Hint: After applying the breaks, the train will undergo retardation. Hence, it will come to rest after some time. For the train to reach in time, it covers a distance of 400m after the brakes are applied. Find its displacement from one of the kinematic equations.
Formula used:
$2as={{v}^{2}}-{{u}^{2}}$

Complete answer:
It is given that the train slows down as it approaches a station. It is given that the train slows down at a rate of 2$m{{s}^{-2}}$. This means that when the driver applies the breaks, the train undergoes retardation.
It is given that the initial velocity of the train is 40m/s. And the length of the platform is given to be 400m. Therefore, for the train to stop in time, it must come to rest with a displacement of 400m from the time when the brakes are applied.
Let us find the displacement of the train.
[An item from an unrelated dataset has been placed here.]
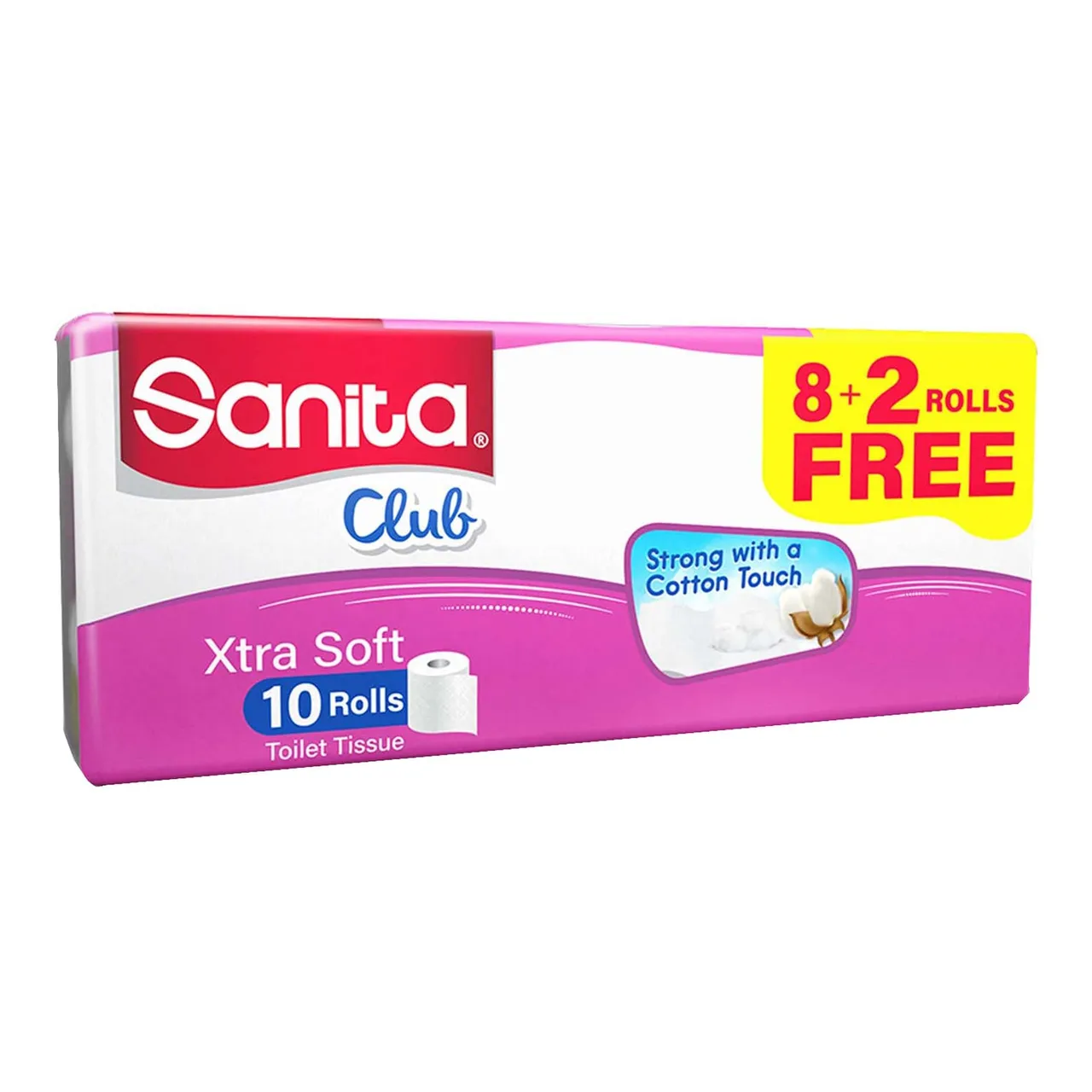 Sanita Club ورق تواليت فائق النعومة 2 طبقة 200 منديل 11.2x9.6 cm 22.4m 10 رولات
For thus we will use the kinematic equation $2as={{v}^{2}}-{{u}^{2}}$ …… (i),
a is the acceleration of the train, s is the displacement, v id the final velocity and u is the initial velocity.
Here, a = -2$m{{s}^{-2}}$, v = 0, u = 40$m{{s}^{-1}}$.
Substitute the values in equation (i)
$\Rightarrow 2(-2)s={{0}^{2}}-{{(40)}^{2}}$.
$\Rightarrow 4s=1600$
$\Rightarrow s=400m$.
This means that it moves further by 400m after the brakes are applied and the length of the platform is also 400m. Therefore, the train will reach in time.

Note:
Do not confuse between acceleration and retardation.
Actually, retardation is an acceleration. When we say that a body is retarding, it means that its velocity is decreasing with time and therefore, it is accelerated in the opposite direction of its velocity.